AI-driven organizations are using data and machine learning to solve their hardest problems and are reaping the rewards.
“Companies that fully absorb AI in their value-producing workflows by 2025 will dominate the 2030 world economy with +120% cash flow growth,”1 according to McKinsey Global Institute.
But it’s not easy right now. Machine learning (ML) systems have a special capacity for creating technical debt if not managed well. They have all of the maintenance problems of traditional code plus an additional set of ML-specific issues: ML systems have unique hardware and software dependencies, require testing and validation of data as well as code, and as the world changes around us deployed ML models degrade over time. Moreover, ML systems underperform without throwing errors, making identifying and resolving issues especially challenging. Put another way—creating an ML model is the easy part—operationalizing and managing the lifecycle of ML models, data and experiments is where it gets complicated.
We are announcing a set of services that will simplify Machine Learning Operations (MLOps) for data scientists and ML engineers, so that your business can realize the value of AI.
Unifying ML system development and operations
Starting with AI Platform Pipelines: we announced a hosted offering for building and managing ML pipelines on AI Platform earlier this year. We now have a fully managed service for ML pipelines that will be available in preview by October this year. With the new managed service, customers can build ML pipelines using TensorFlow Extended (TFX’s) pre-built components and templates that significantly reduce the effort required to deploy models.
We offer a Continuous Evaluation service in our platform that samples prediction input and output from deployed ML models, then analyzes the model’s performance against ground-truth labels. If the data needs human labeling, it also helps customers assign human reviewers to provide ground truth labels to evaluate model performance. We are excited to announce a Continuous Monitoring service that will monitor model performance in production to let you know if it is going stale, or if there are any outliers, skews, or concept drifts, so teams can quickly intervene, debug, or retrain a new model. This will simplify the management of models at scale, and help data scientists focus on models that are at risk of not meeting business objectives. Continuous Monitoring is expected to be available to customers by the end of 2020.
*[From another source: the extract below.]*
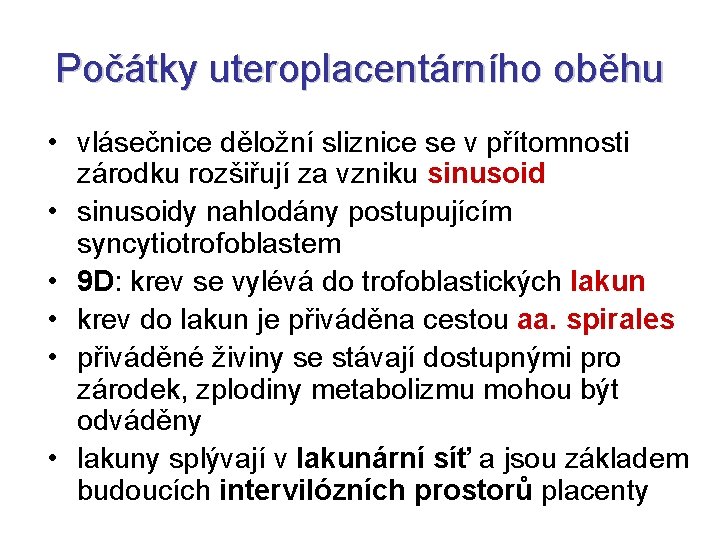 Počátky uteroplacentárního oběhu • vlásečnice děložní sliznice se v přítomnosti zárodku rozšiřují za vzniku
The foundation of all these new services is our new ML Metadata Management service in AI Platform. This service lets AI teams track all the important artifacts and experiments they run, providing a curated ledger of actions and detailed model lineage. This will enable customers to determine model provenance for any model trained on AI Platform for debugging, audit, or collaboration. AI Platform Pipelines will automatically track artifacts and lineage and AI teams can also use the ML Metadata service directly for custom workloads, artifact and metadata tracking. Our ML Metadata service is expected to be available in preview by the end of September.
Our vision for reusability includes collaboration capabilities for data science and machine learning. We are pleased to announce that we will be introducing a Feature Store in the AI Platform expected by the end of this year. This Feature Store will serve as a centralized, org-wide repository of historical and latest feature values, thereby enabling reuse within ML teams. This will boost productivity of users by eliminating redundant steps in feature engineering. The Feature Store will also provide tooling to mitigate common causes of inconsistency between the features used for training and prediction.
Bridging ML and IT
DevOps is a popular and common practice for developing and managing large-scale software systems that grew over decades of experience and learning in the software development industry. This practice provides benefits such as reducing development cycles, increasing deployment velocity, and ensuring dependable releases of high-quality software.
Like DevOps, MLOps is an ML engineering culture and practice that aims at unifying ML system development (Dev) and ML system operation (Ops). Unlike DevOps, ML systems present unique challenges to core DevOps principles like Continuous Integration and Continuous Delivery (CI/CD).
In ML systems:
- Continuous Integration (CI) is not only about testing and validating code and components, but also testing and validating data, data schemas, and models.
- Continuous Delivery (CD) is not only about a single software package or a service, but a system (an ML training pipeline) that should automatically deploy another service (model prediction service).
- Continuous Training (CT) is a new property, unique to ML systems, that’s concerned with automatically retraining candidate models for testing and serving.
- Continuous Monitoring (CM) is not only about catching errors in production systems, but also about monitoring production inference data and model performance metrics tied to business outcomes.
Practicing MLOps means that you advocate for automation and monitoring at all steps of ML system construction, including integration, testing, releasing, deployment and infrastructure management. The announcements we’re making today will help simplify how AI teams manage the entire ML development lifecycle.
Our goal is to make machine learning act more like computer science so that it becomes more efficient and faster to deploy, and we are excited to bring that efficiency and speed to your business. To learn more about MLOps and see how our customers are using the platform, check out the An Introduction to MLOps on Google Cloud session at Next OnAir, and our documentation on Continuous delivery and automation pipelines in machine learning and Architecture for MLOps using TFX, Kubeflow Pipelines, and Cloud Build.
1. Excerpted from “Notes from the AI frontier: Modeling the impact of AI on the world economy,” Sept 2018, McKinsey Global Institute.